Tribunal da ONU sofre de defeitos congênitos
17 de novembro de 2003O tribunal em Haia, na Holanda, estaria também com a sua autoridade ameaçada pelos acordos internacionais dos Estados Unidos com mais de 20 países para garantir impunidade a americanos, constatou o juiz Wolgang Schomburg. Ele é presidente da segunda câmara da corte da Organização das Nações Unidas (ONU) na Holanda há dois anos e se declara satisfeito com suas atividades de juiz penal.
Contudo, é muito crítico o balanço que ele faz dos dez anos de atuação do tribunal, criado pelo Conselho de Segurança Internacional em maio de 1993 especialmente para punir crimes de guerra e contra a humanidade cometidos no território da antiga Iugoslávia.
Schomburg atestou a tentativa de misturar o direito anglo-americano com o direito europeu como um dos defeitos graves de nascimento da corte, em funcionamento desde 17 de novembro de 1993. Na opinião do jurista de 55 anos, a intenção foi boa, mas não deveria ter sido implementada.
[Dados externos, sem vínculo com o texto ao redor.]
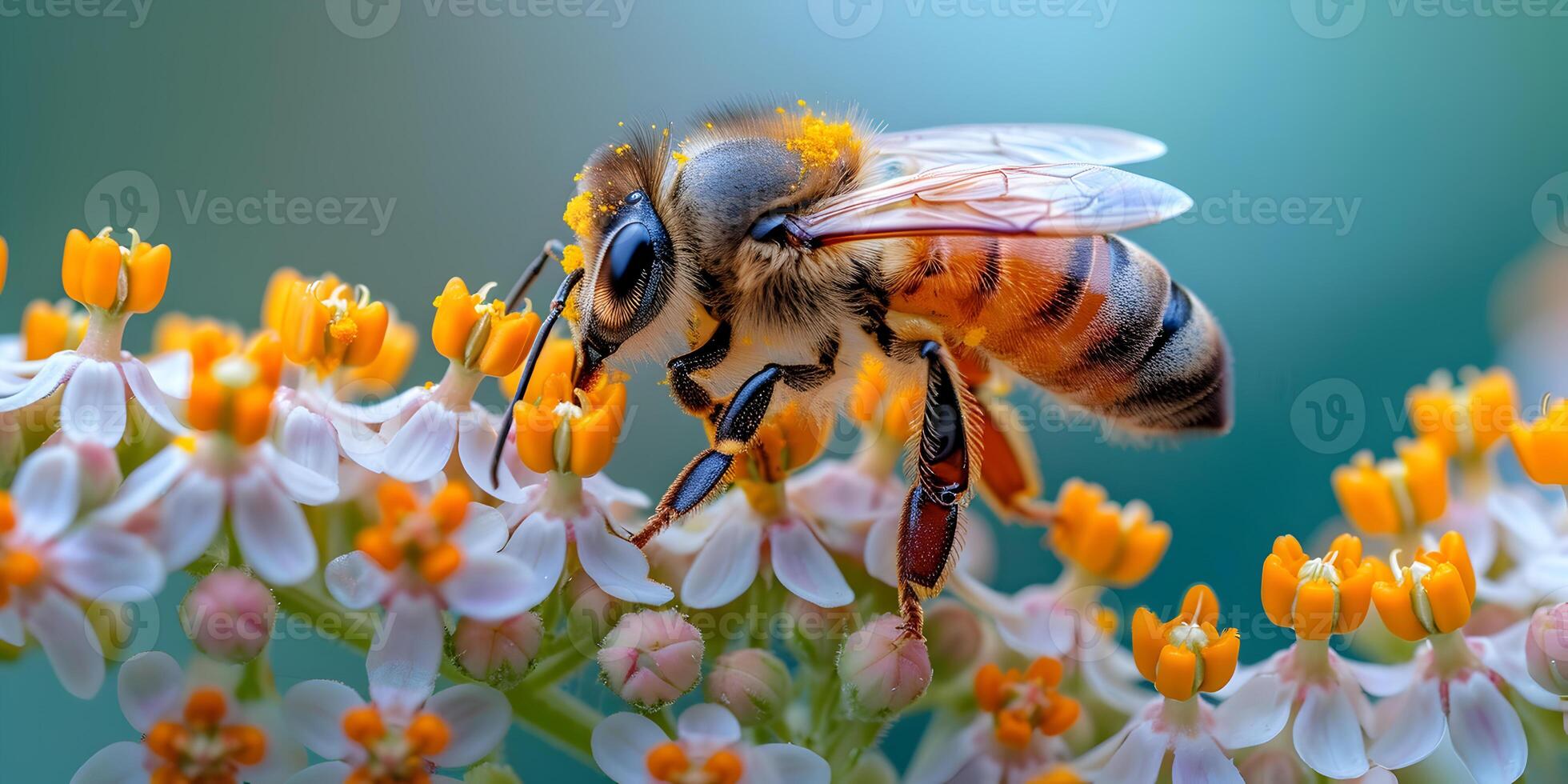 AI generated Honey bee covered with yellow pollen collecting nectar from meadow flowers. Close-up banner, spring and summer background. Beekeeping, wildlife and ecology concept. photo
"Do ponto de vista da Europa continental, seguramente é muito difícil aceitar que se tenha uma promotoria pública sem controle, que não se submeta a instruções e que determina quais as provas materiais e em que processos devem ser apresentadas", criticou o juiz alemão. E sentenciou que o poder da suíça Carla del Ponte na chefia da promotoria é grande demais. Ele próprio não poderia quase influenciar um processo e muito menos acelerá-lo.
Ditador Milosevic
- Esse seria o motivo da duração demasiado longa dos processos. Como argumento para sua crítica, Schomburg apontou o processo contra o ex-ditador da Iugoslávia, Slobodan Milosevic, cuja fase de coleta de provas já se prolonga por mais de um ano e meio. Em função de tanta demora, aumentam as críticas à promotoria.Para Schomburg, seria também um erro imaginar que o tribunal em Haia está em condição de escrever história. Além do mais, na sua opinião, essa é uma tarefa para historiadores. A do tribunal seria encerrar um processo logo depois que tiver reunido provas graves e suficientes contra o acusado. "E quando se tem tais provas não se deve tentar cobrir tudo, correr do Kosovo para a Bósnia-Herzegovina e a Croácia, pois assim corre-se o risco de não se conseguir provar mais nada."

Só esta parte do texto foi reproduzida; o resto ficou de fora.